[Records contained in a dataset]
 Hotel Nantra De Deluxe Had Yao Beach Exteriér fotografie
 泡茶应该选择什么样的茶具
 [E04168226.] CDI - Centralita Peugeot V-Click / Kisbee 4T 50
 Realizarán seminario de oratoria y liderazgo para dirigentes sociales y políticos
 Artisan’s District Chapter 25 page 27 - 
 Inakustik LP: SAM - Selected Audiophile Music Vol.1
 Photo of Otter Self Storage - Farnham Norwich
* * *
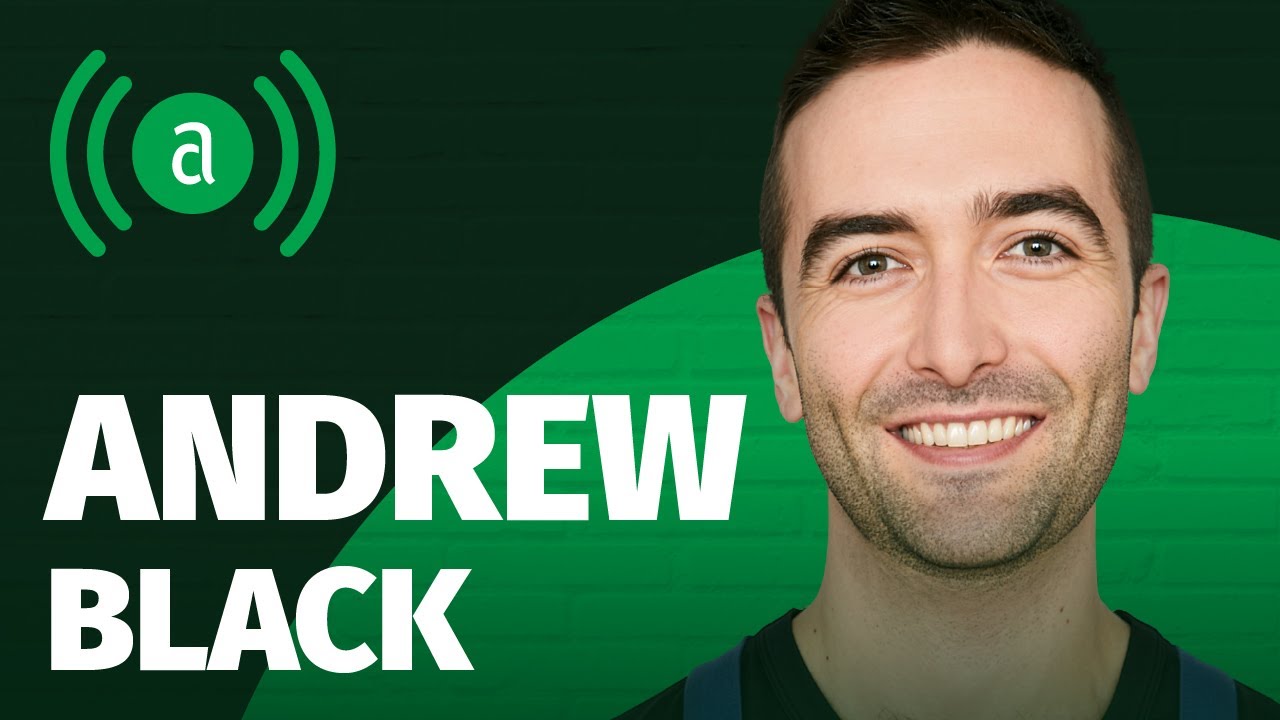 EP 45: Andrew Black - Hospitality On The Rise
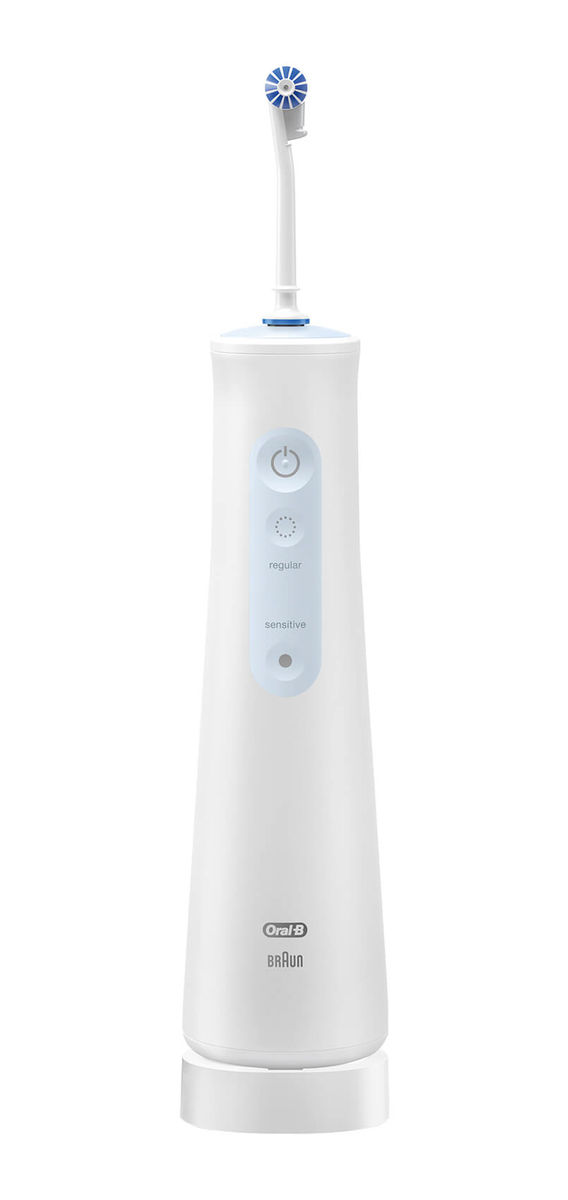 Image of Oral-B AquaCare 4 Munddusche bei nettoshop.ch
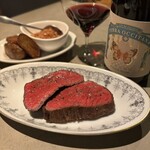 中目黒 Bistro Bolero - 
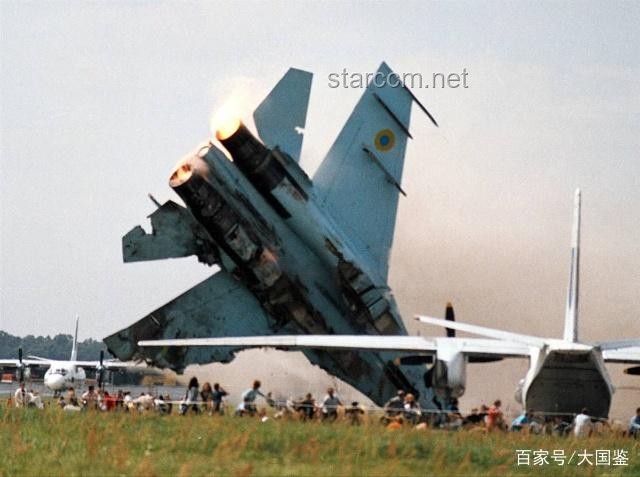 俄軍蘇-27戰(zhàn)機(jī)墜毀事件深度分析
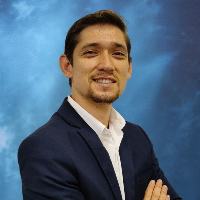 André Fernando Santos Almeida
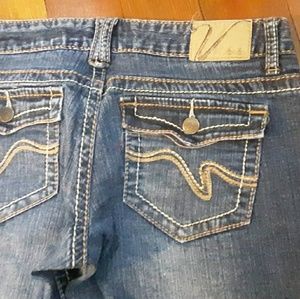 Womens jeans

**Task to carry out:** Of all the entries above, output exactly the lines between the one holding "泡茶应该选择什么样的茶具" and the one holding "Photo of Otter", inclusive.

**Solution to this task:**
 泡茶应该选择什么样的茶具
 [E04168226.] CDI - Centralita Peugeot V-Click / Kisbee 4T 50
 Realizarán seminario de oratoria y liderazgo para dirigentes sociales y políticos
 Artisan’s District Chapter 25 page 27 - 
 Inakustik LP: SAM - Selected Audiophile Music Vol.1
 Photo of Otter Self Storage - Farnham Norwich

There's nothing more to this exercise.